The main purpose of risk management is to identify potential risks before they occur in order to plan risk handling activities in advance which in turn mitigates adverse impacts to achieving project objectives. Insureds must consider various risk factors in the project life cycle. Having risk management procedures and processes in place helps prevent potential financial, personal injury, and environmental losses from occurring. Effective risk management procedures provide a plan for smooth workflow thus maximizing productivity and revenue generation.

What are risk management processes and procedures?

1.     Risk Identification – Process of uncovering, recognising, and describing risk factors that may potentially lead to claims. Various techniques, such as toolbox meetings and SWMS, are employed to help identify potential risks.

2.     Risk Analysis – The identification of the effects of risks registered.

3.     Risk Evaluation – Identifies and determines the risk magnitude, likelihood, and consequences that risk may bring about in the day-to-day business activities. This also helps businesses decide which risks warrant serious consideration or treatment.

4.     Risk Treatment – Developing a risk response plan. At this stage, businesses can assess the highest risks and develop a risk response plan. This includes the creation of risk mitigation strategies, prevention plans and contingency planning.

5.     Monitoring and Review – Using a risk register will help businesses monitor, track and review risks. Putting a framework around these risks will help de-risk any potential claims or incidents from occurring.

What are the 5 key areas that insurers look for when evaluating a business’s risk management procedures and suitability for insurance?

1.     Risk Management Culture – The degree to which risk and risk management are important considerations in decision making. It also helps in evaluating a business’s philosophy in regards to risk and risk appetite, governance, and organizational structure of its risk management procedures.
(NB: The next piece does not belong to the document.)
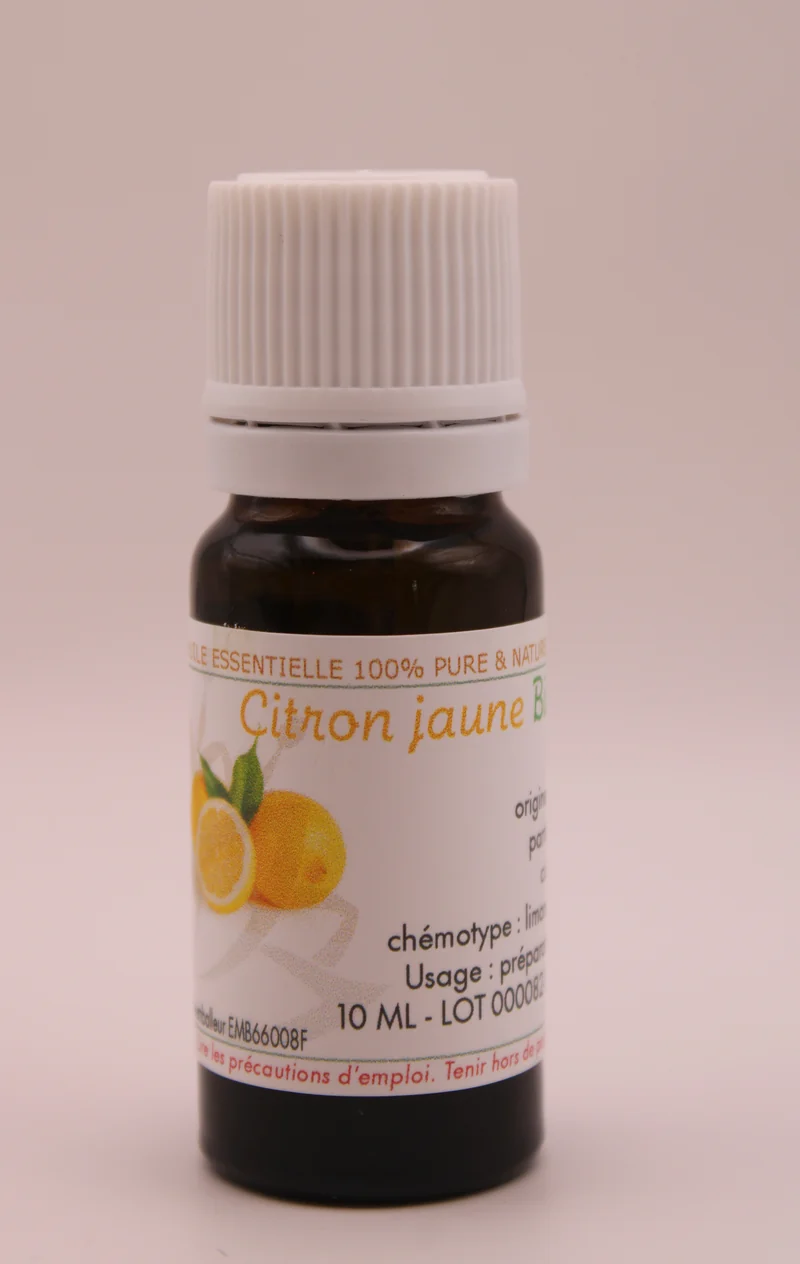 Huile Essentielle BIO de Citron Jaune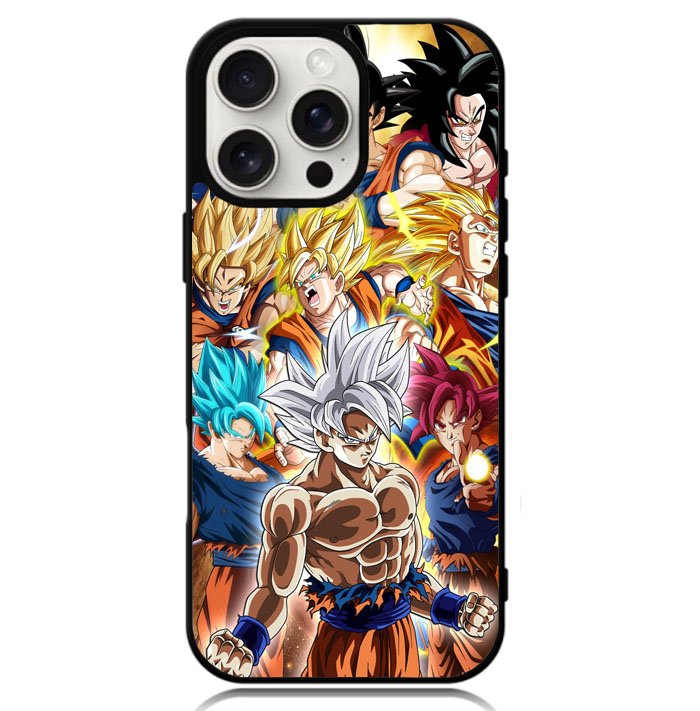 Goku transformations Case iPhone 16 Pro Max BC0959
2.     Risk Control – The evaluation of the entity’s quality risk management, risk monitoring standards, and limits for retained risks.

3.     Extreme Event Management – the process of envisioning the impact of likely disasters through scenario analysis and stress testing. This helps in identifying the potential impact to the company’s reputation, liquidity, and overall financial muscle in catastrophic events. This is essential in assessing the reliability and adequacy of catastrophic risk reinsurance and retrocession to reduce the impact of conceivable company disasters thus ensuring the survival of the enterprises.

4.     Risk & Capital Models – To monitor, control, and manage risk exposures, indicative, predictive, and sensitivity risk measures. Indicative measures are available in accounting, administrative, or underwriting systems. Some examples include life insurance sum insured, probable maximum loss, premiums earned, asset values, staff turnover rates and auditing. Predictive measures can be estimated using complicated simulation models that take into account the expected shortfall and value at risk.

5.     Strategic Risk Management – The risk involved due to the changing technological processes. It is therefore important for an organization to develop an action plan that will look into risks that will potentially disrupt the operations of the company due to technological shifts.

It is important that businesses develop and create risk management plans and procedures to help reduce the likelihood of future claims or incidents occurring. Having a simple and effective risk management plan helps businesses create credibility in their respective marketplace which hence attracts a higher sophisticated customer base leading to greater profitability.